## THE PROBLEM
Below are some records; output exactly the lines from the line with "Niessing Spannring® Balance" to the line with "Chiefs Background sheet", both ends kept, and nothing more.

## AVAILABLE DATA
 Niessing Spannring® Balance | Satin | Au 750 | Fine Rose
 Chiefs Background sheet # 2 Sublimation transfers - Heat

--

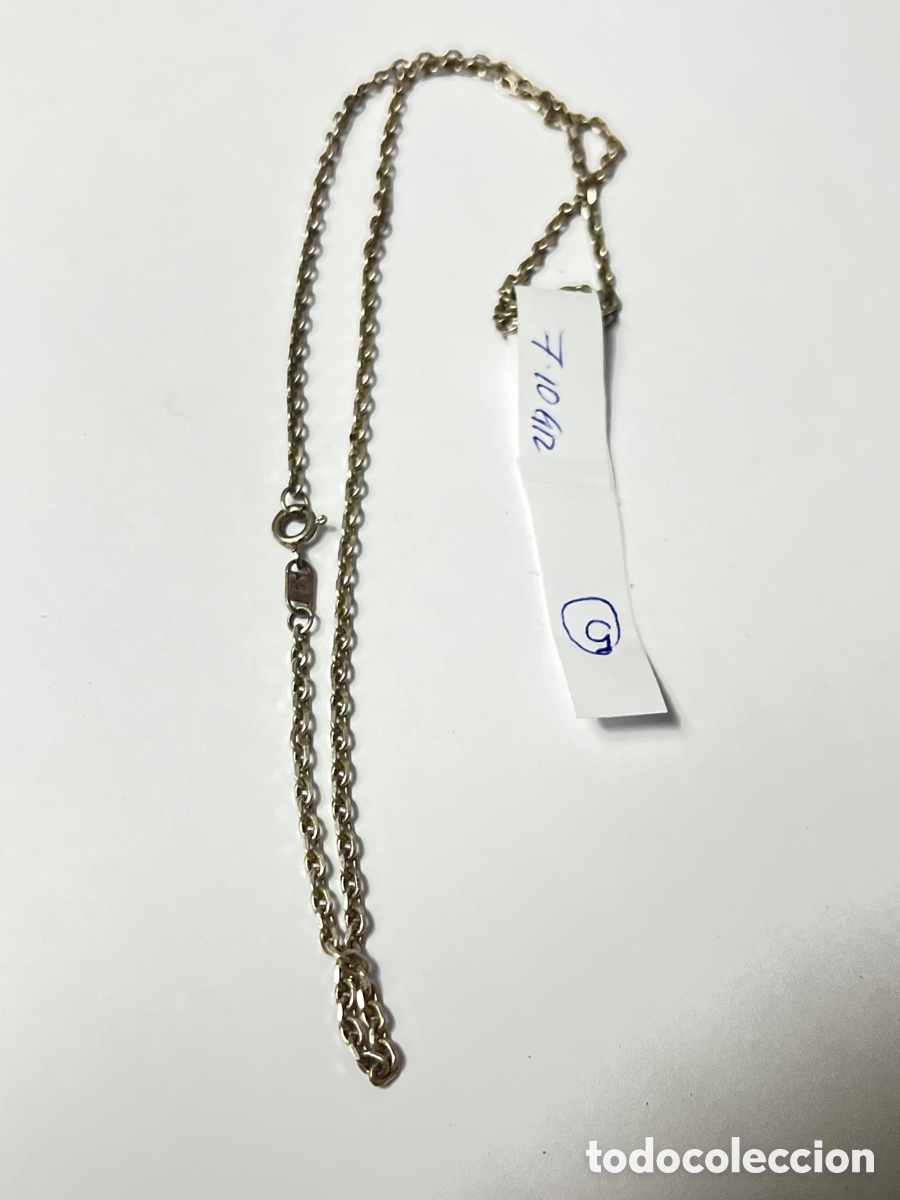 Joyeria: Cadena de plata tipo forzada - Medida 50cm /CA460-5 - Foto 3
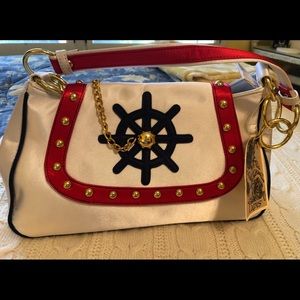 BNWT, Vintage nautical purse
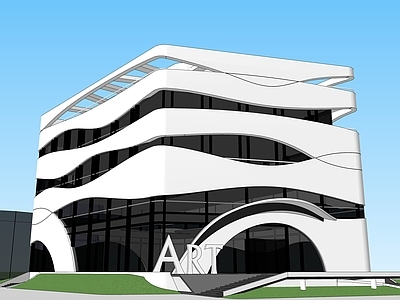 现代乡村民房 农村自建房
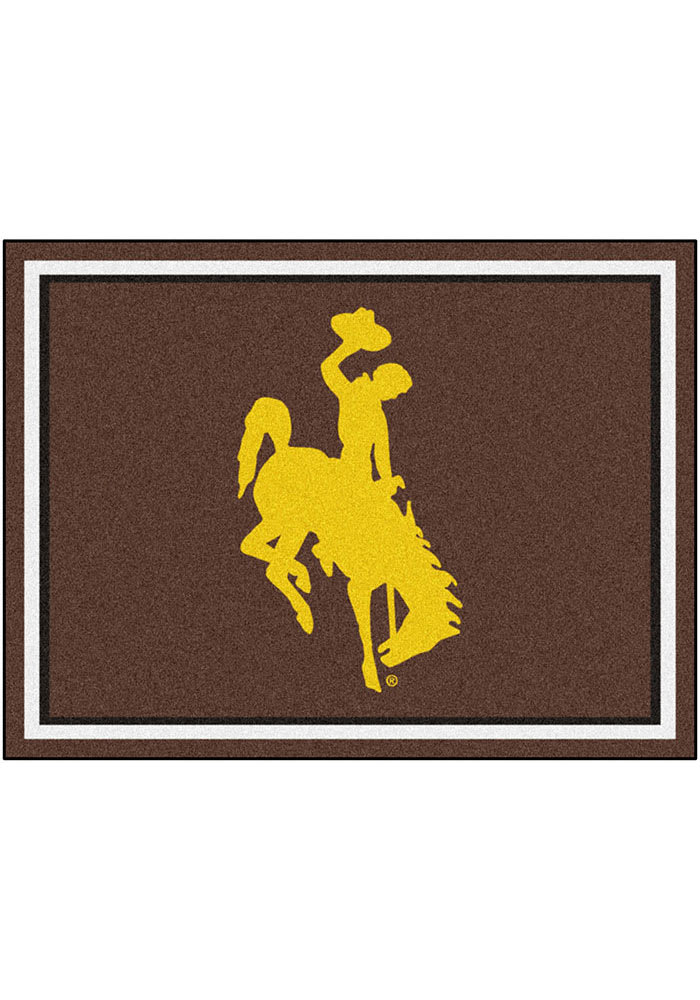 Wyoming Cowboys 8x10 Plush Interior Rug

==

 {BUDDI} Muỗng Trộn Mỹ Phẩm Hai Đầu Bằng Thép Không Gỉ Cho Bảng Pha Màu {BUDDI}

## EXERCISE OUTPUT
 Niessing Spannring® Balance | Satin | Au 750 | Fine Rose
 Chiefs Background sheet # 2 Sublimation transfers - Heat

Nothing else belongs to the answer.